Supervision. In all stages the student would be closely supervised by Prof. Kenkre and a postdoc.

Theoretical Cosmology and Particle Physics – Rouzbeh Allahverdi

Rouzbeh AllahverdiResearch Overview. Probing the dark matter-neutrino connection through dark matter indirect detection signals, with a focus on the neutrino signal from dark matter annihilation inside the Sun. Allahverdi has mentored a high school student and an undergraduate. This work is funded by NSF.

Project for REU Student. Allahverdi is studying annihilation of gravitationally captured dark matter particles inside the Sun to neutrinos and the resulting signal that can be detected in neutrino telescopes like IceCube. Features in the neutrino signal can be used to probe an important class of models that tie dark matter and neutrinos. The DarkSUSY code will be applied to simulate the capture and annihilation rates of dark matter particles within the Sun. DarkSUSY is then used to simulate production of neutrinos in the Sun, their propagation to the Earth, and the interaction of neutrinos with ice at many different energies for various dark matter annihilation channels.
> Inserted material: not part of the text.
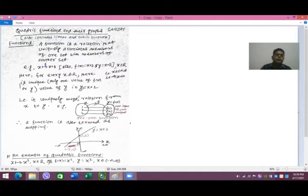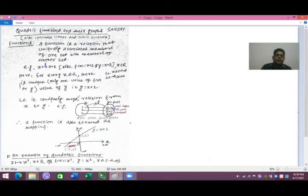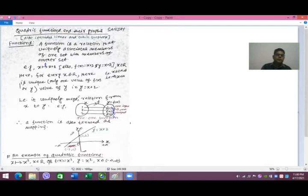In y = x + 2, if you put any value of x you will have a unique value of y. For example, taking values 1, 2, 3: when x = 1, f(1) = 3; when x = 2, y = 4; when x = 3, y = 5. So f maps x to f(x), and therefore a function is also termed a mapping. The degree of this polynomial is 1, so this is called a linear equation.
DarkSUSY does this by interpolating the results of simulations by the WimpSim code. The goal is to run WimpSim directly for the prompt neutrino channels, which are very important for the class of models being considered.

What the Student Will Do. The student will first read relevant background papers. The student will then explore how different experimentally allowed neutrino oscillations parameters affect the neutrino signal from dark matter annihilation inside the Sun. The goal is to obtain the final neutrino spectra for a specific model that connects dark matter to neutrinos. It is expected that this will lead to a refereed publication. The student will learn about dark matter, neutrino oscillations, and the DarkSUSY and Wimpsim codes.

Supervision. The student will work under the direct supervision of Allahverdi.